What you should do => Skip every picture, then write out exactly the lines of the listing below from the line that contains "Mera Badalee Me" through the final line.

Record excerpts =>
————————
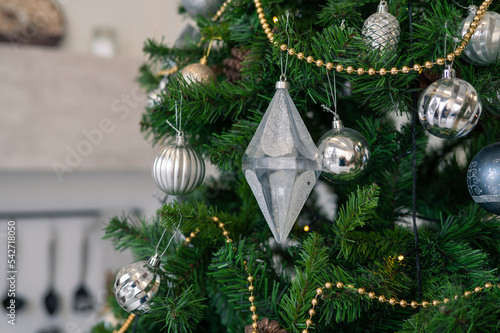 Christmas tree branch decor...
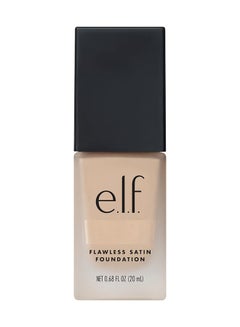 e.l.f. Flawless Finish Foundation, Improves Uneven Skin Tone Vegan And Cruelty-Free Beige  - Image 2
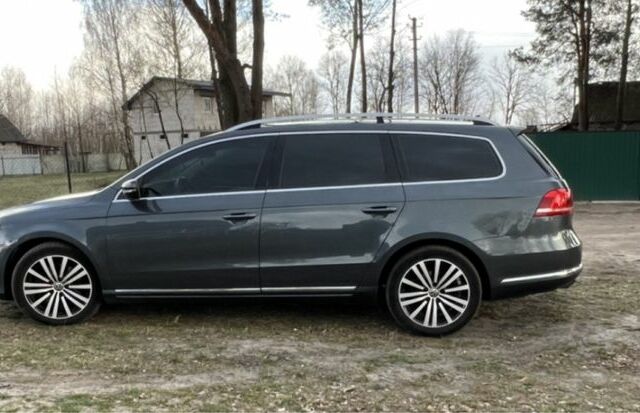 Серый Фольксваген Пассат Вариант, объемом двигателя 1.4 л и пробегом 242 тыс. км за 9700 $, фото 12 на Automoto.ua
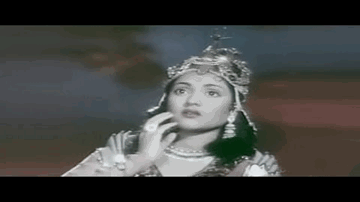 Mera Badalee Me Chhup Gaya Chaand Re Lyrics - Vyjayantimala | Lata Mangeshkar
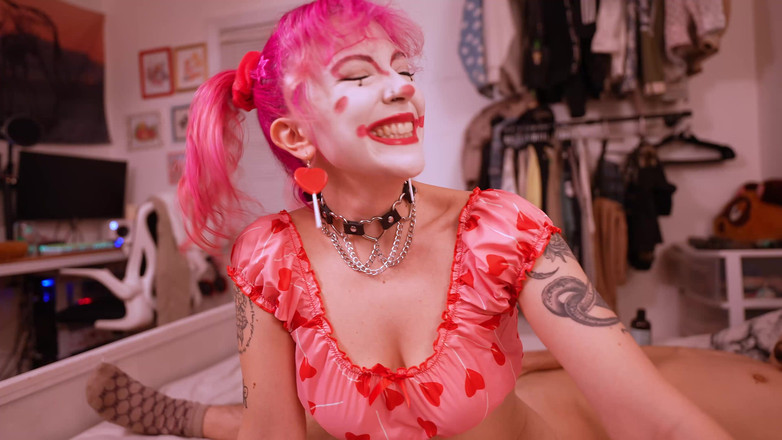 lilredvelvettt: Живіт клоуна дівчини, інструкція з дрочки інструкція з дрочки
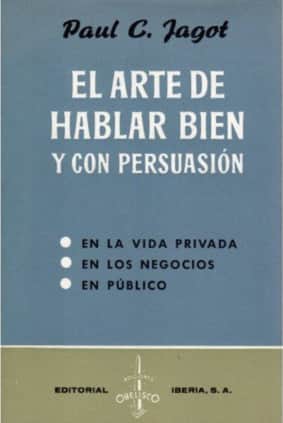 400. EL ARTE DE HABLAR BIEN. TELA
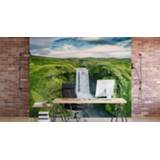 👉 Fotobehang - Waterval, premium print, inclusief behanglijm 5904343444871
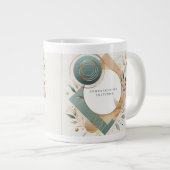 Taza Grande Esencia ジャンボコーヒーマグカップ (正面右)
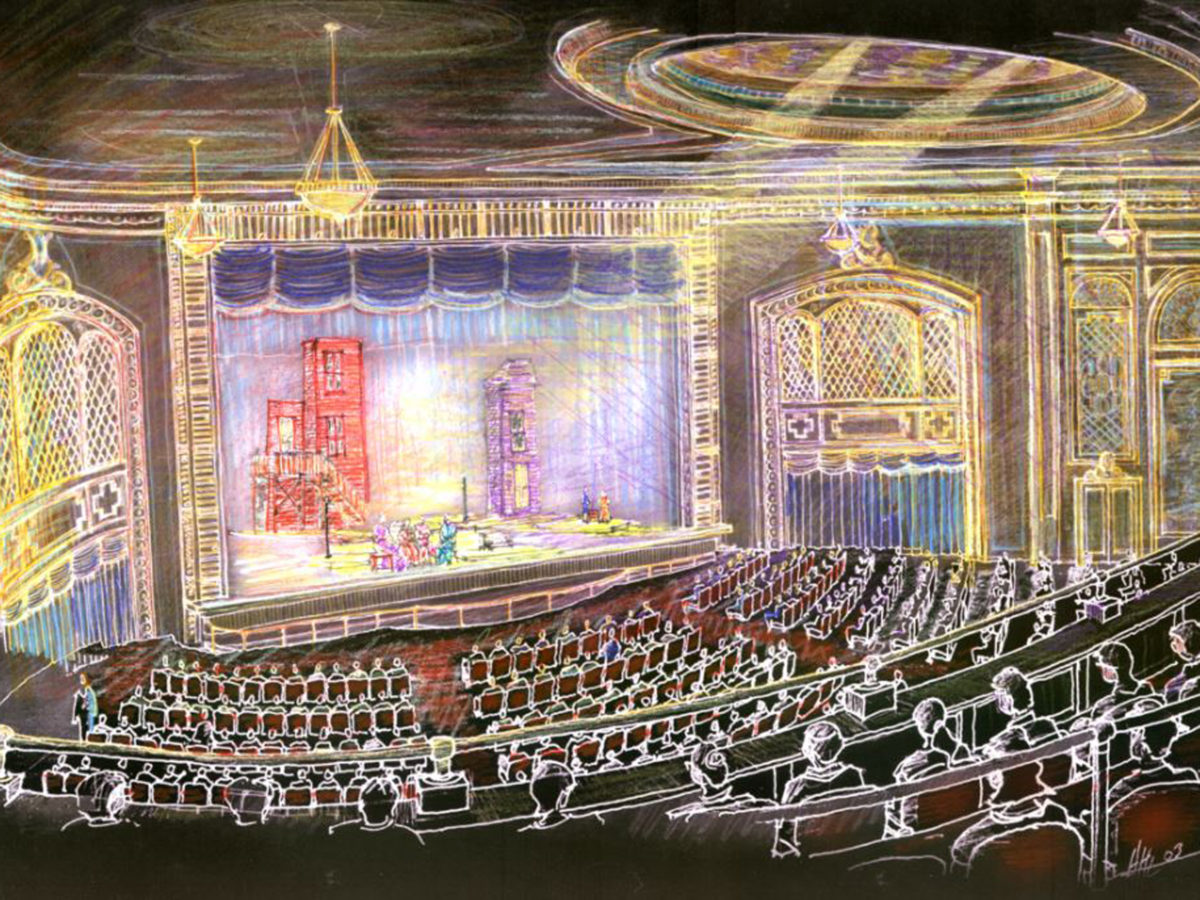 Gowanda’s Historic Hollywood Theater HHL Architects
————————
Task output =>
 Mera Badalee Me Chhup Gaya Chaand Re Lyrics - Vyjayantimala | Lata Mangeshkar
 lilredvelvettt: Живіт клоуна дівчини, інструкція з дрочки інструкція з дрочки
 400. EL ARTE DE HABLAR BIEN. TELA
 👉 Fotobehang - Waterval, premium print, inclusief behanglijm 5904343444871
 Taza Grande Esencia ジャンボコーヒーマグカップ (正面右)
 Gowanda’s Historic Hollywood Theater HHL Architects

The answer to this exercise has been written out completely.